7) "Lazy" updates: Probably a bad term for this, not to be confused with strict and non-strict argument evaluation. Nonetheless, let's say you have a slot A that depends on B C D and E. B and C are absolutely critical to A's computation, and every single time they change, you need to enforce that A is recomputed. My guess is that Cells works like this already, automatically. However, let's say D and E change their values inordinately fast, like maybe they're mouse X and Y coordinates on the screen. Let's also say that the computation for A is non-trivial, and you want to run it only when absolutely necessary. Further, although A needs the current mouse X and Y coordinates, it doesn't make sense to recompute A every time they change. Is there a way to tell Cells that A should be recomputed *every* time that B and C change, but also needs access to cells D and E while not "firing" every time they change?
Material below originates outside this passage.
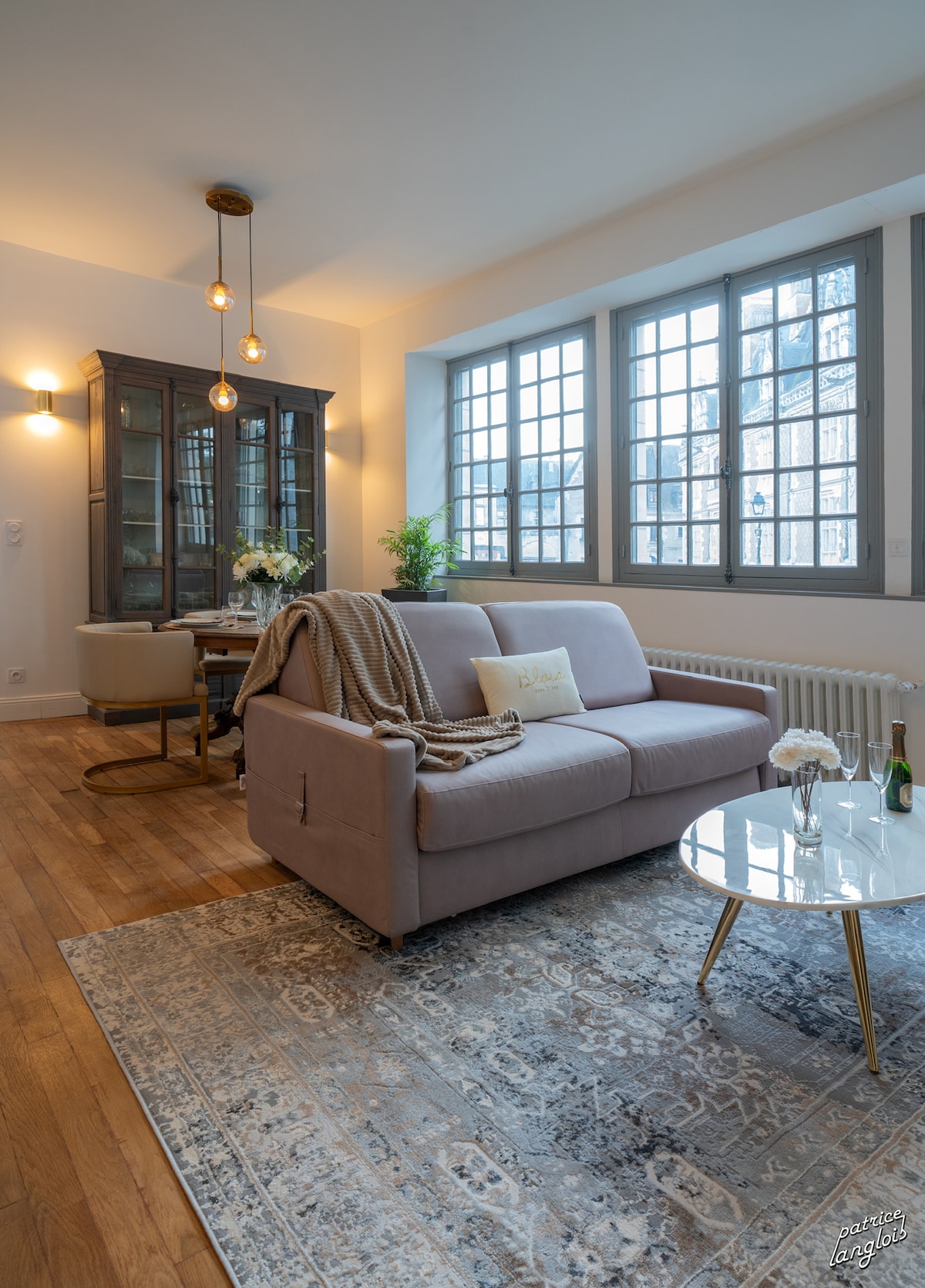 A light-filled living area showcases a comfortable sofa draped with a soft throw. A round table with dining chairs is positioned nearby, while large windows allow natural light to illuminate the space. A decorative rug adds warmth to the wooden flooring.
Sorry if this sounds stupidly simple, but remember, I'm projecting my domain onto yours, so I'm pretty new at this.
8) Phase-based calculation, or data "wave" propagation: If a slot A depends on slots B C and D...when will A get recomputed? Every time that B C or D change, right? What if two other computations change both C and D as a result of a single slot change in E...does Cells defer the running of A until *both* C and D have been recalculated (i.e. enforced breadth-first dependency graph traversal), or will the calculation of A happen twice, once when C changes and once when D changes (i.e. random, depth-first, or other traversal)?
9) Introspection: How easy is it to determine the full dependency graph of interrelated computation given a system coded using Cells? I.e., other than of course looking at the code, can I use a programmatic method to determine the topology of the dependencies in order to, for instance, produce a visual graph of the system? Is this introspection system static, or dynamic (i.e. allow callback hooks or the like to update changes in the system as they happen)?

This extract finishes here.